Wednesday, October 28, 2009

John Paul Jones: Project with Jimmy Page, Jason Bonham 'fell by the wayside' last year

Two days after Robert Plant's remarks carried by the BBC fueled rumors that Led Zeppelin would reunite at the Glastonbury Festival in eight months, the BBC carries an interview with John Paul Jones on the Led Zeppelin splinter group that nearly formed last year.

That splinter group, which would have consisted of Jones plus Jimmy Page and Jason Bonham and the singer of their choice, never advanced beyond the planning stages.

Jones first announced the group one year ago this week, during the Mansons Guitar Show in Exeter on Oct. 26, 2008 and quickly followed up by a radio interview with BBC Radio Devon. At that time, Jones described an incomplete band with Page and Bonham making "loud music" with him.

Anonymous tips to the press said their trio had been rehearsing and auditioning singers -- namely Steven Tyler of Aerosmith and Myles Kennedy of Alter Bridge, the only person who has admitted his participation.
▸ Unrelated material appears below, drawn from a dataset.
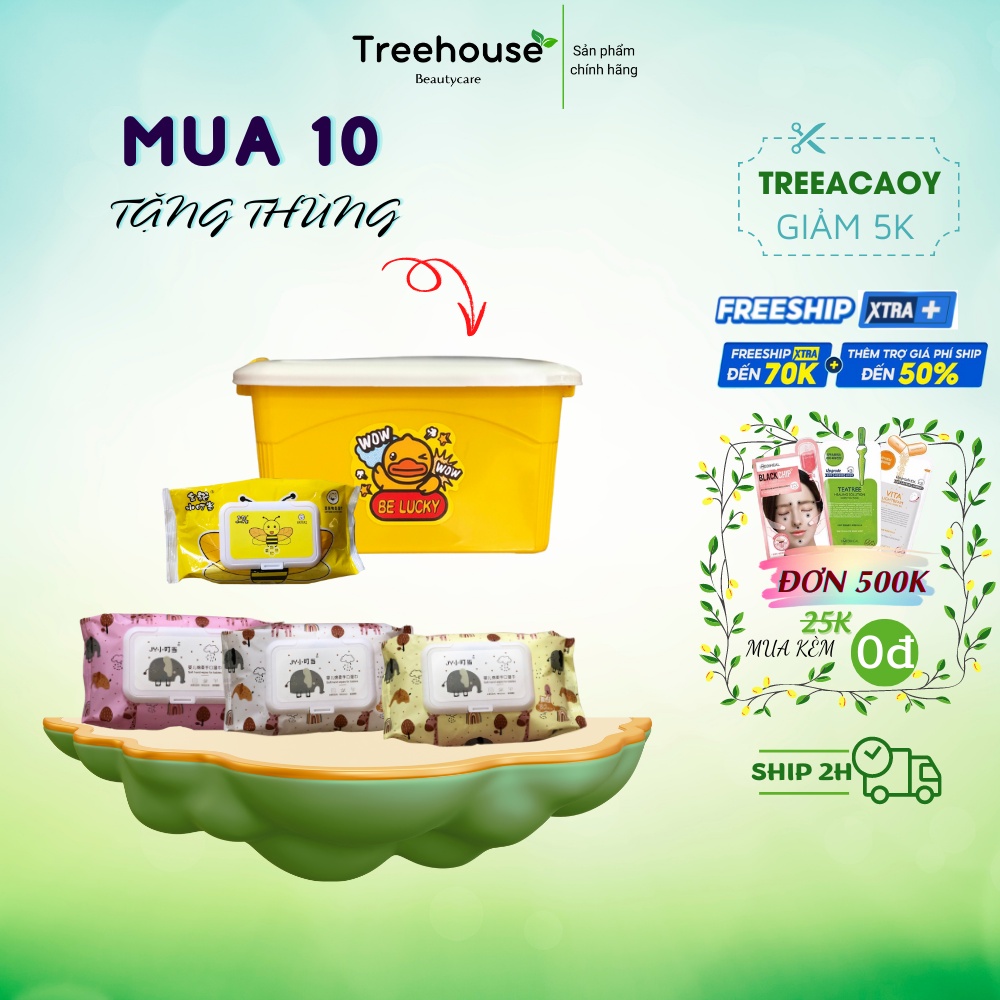 Khăn giấy ướt kháng khuẩn con vịt vàng loại 80 tờ-hàng nội địa trung cao cấp, giấy ướt B.Duck TREEHOUSE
Other singers were weighing in with their comments; David Coverdale of Whitesnake volunteered himself and Joe Elliott of Def Leppard.
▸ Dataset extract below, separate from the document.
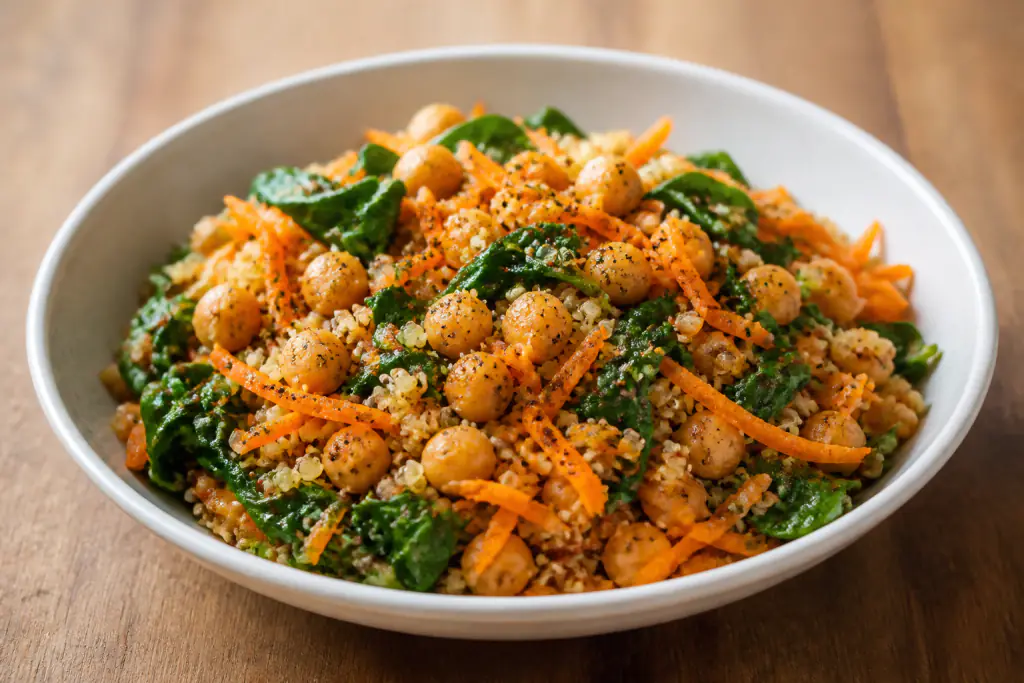 Fijian-Inspired Vegan Chickpea Quinoa Carrot Bowl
A year ago, Jones confirmed that singers had been brought in, although he didn't volunteer any names.

Now that a year has passed, Jones is back in England, promoting the November release of the debut album from Them Crooked Vultures, the band he has been rehearsing with since early this year. In an interview with the BBC, he discussed this project and mentioned that it came about shortly after the group with Page and Bonham "fell by the wayside," in his words.

Jones told BBC 6 Music, "Jimmy and I rehearsed a bit with Jason Bonham, and we couldn't really agree on singers and that fell by the wayside. Then this came along and, to be honest, I'm really happy."

From another interview Jones gave this month, we now know how the band came about. Jones told KUT 90.5 in Austin, Texas:
"He came up to [the] GQ Awards in London last year to present us with, um, Men of the Year, I believe it was, with Zeppelin. And we got to talking, and he says, 'Well, you know, if you're ever not doing anything, I want to get a little band together with Josh singing, and give you a call.' You know, so, I found out I was doing nothing after a while."
Singer auditions weren't necessary when Jones called up Dave Grohl to take up his offer to form a band. Grohl had already begun rehearsing on drums for a project with Josh Homme, singer and guitarist for Queens of the Stone Age. Homme's band was on a hiatus at the time, as was Grohl's Foo Fighters. So, the timing was right for those two.

As for Grohl and Jones, they had worked together a few times in the past like at a Foo Fighters show, at the Grammys and on a Foo Fighters album. But Grohl thought having a regular project with Jones was just a pipe dream. Back in 2005, he blurted to Mojo magazine that he dreamed of forming a band with himself on drums, Homme on guitar and Jones on bass.

But Jones fell into place, much to Grohl's surprise. In a separate interview this month with KUT 90.5, Grohl said:
"I bumped into him in London, and I said, 'Hey, I got this project I think might be kind of fun. Me and my buddy Josh are gonna do something outside of our bands.' And he kind of went, 'Oh, yeah, right.' And then I didn't hear from him for a while, and then a month later, he called and said, 'Hey, when do you think you're gonna do it?' So I called Josh, [and I'm] like, 'F***, man, I think he actually wants to do it! This is amazing!'"
To Jones, Grohl was exactly the kind of drummer he wanted. He now tells the BBC:
"I immediately recognized that this was a drummer that was -- A -- really good, and -- B -- groovy and -- C -- listened, all those nice things that bass players like in drummers."